2. Equipment requirements:
(1) Constant temperature soldering iron (350-380 degrees) and pointed soldering iron tip: used to solder the small patches such as patch resistors and capacitors;
(2) Hot air gun and BGA rework station: used for chip / BGA disassembly and welding;
(3) Multimeter: add the welded steel needles and put on a heat-shrinkable sleeves for easy measurement, Fluke is recommended;
(4) Oscilloscope: recommended to use Agilent;
(5) Network cable: connect to the Internet and have a stable network.
3. Test tool requirements:
(1) APW12 PSU (AP12_12V-15V_V1.2 and power adapter cable): used for power the hash board.
DIY: Use thick copper wires to connect the power supply and the hash board. It is recommended to use 4AWG copper wires with a length of less than 60cm, which are only used for PT2 and maintenance tests;
(2) Test fixture for V2.0 control board (test fixture part number: NA)
The positive and negative poles powering of the test fixture need to be equipped with a discharge resistor, and it is recommended to use a cement resistor of 20 ohms and above 100W. For easy repair, PicoBT multifunctional test fixture can also be used.
4. Maintenance auxiliary materials / tools:
(1) Solder paste M705, flux, board washing water and absolute alcohol, washing board water is used to clean up the flux residue after maintenance;
(2) Thermal gel, specification: Fujipoly SPG-30B, used to apply on the surface of the chip after maintenance;
(3) Ball planting stencil, tin suction wire, solder balls (ball diameter recommended 0.5mm): When replacing a new chip, it is necessary to plant the ball to the chip and then solder it to the hash board. Spread heat-conducting gel evenly on the surface of the chip and install it for heat dissipation device.
(4) Scanning gun
(5) Port adapter board RS232/TTL adapter board 3.3V
(6) Self-made short-circuit probe: Use pins for wiring and welding, and heat shrinkable sleeves to prevent short-circuiting between the probe and the small heat sink.
5. Common maintenance spare materials:
0402 resistors (0R, 51R, 10K, 4.7K,); 0402 capacitors (0.1uf, 1uf)
Ⅱ. Maintenance requirements
1. Pay attention to the operation method when replacing the chip. After replacing any accessories, the PCB board does not have obvious deformation. Check whether there are a few open and short circuits in the replaced parts and the surrounding areas.
2. Maintenance personnel must have certain electronic knowledge, more than one year of maintenance experience, and be proficient in BGA / QFN / LGA packaging welding technology.

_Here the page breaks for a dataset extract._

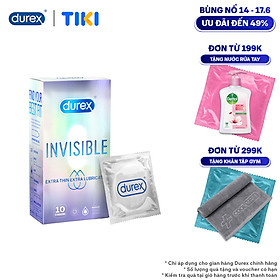 Bao cao su Durex Invisible Extra Thin Extra Lubricated 1 Hộp 10 Bao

3. After repairing, the hash board must be tested for more than two times and it is OK before it can pass!
4. Check whether the tools and fixtures can work normally, determine the parameters of the maintenance station test software, the version of the test fixture, etc.
5. For the test of chip repair and replacement, it is necessary to first check whether the capacitor on the back of the chip is short-circuited, and then do a functional test after passing. The functional test must ensure that the heat sink is installed in place (each thermal conductive adhesive must be applied evenly before installing the heat sink), and the cooling fan is at full speed. When using the chassis for heat dissipation, one hash board should be placed at the same time to form an air duct. The single-sided test of production should also ensure the formation of an air duct (important)
6. When measuring signals, 4 fans are used for cooling, and the fans keep at full speed.
7. When powering on the hash board, you must first connect the negative copper wire of the power supply, then the positive copper wire of the power supply, and finally insert the signal cable. When disassembling, the order of installation must be reversed, first remove the signal cable, then remove the positive copper wire of the power supply, and finally remove the negative copper wire of the power supply. If you do not follow this order, it is very easy to cause damage to U1 and U2 (the full chip cannot be found). Before testing the pattern, the repaired hash board must be cooled down before testing, otherwise it will cause PNG to be tested.
8. To replace a new chip, print pins and solder paste to ensure that the chip is pre-tinned and then soldered to the PCBA for maintenance.
9. The fixtures on the maintenance end use the Test_Mode and use the code scanning mode to test. After the test passes, the production end streamlines from the first station of the test, and the normal installation is aging (installed at the same level).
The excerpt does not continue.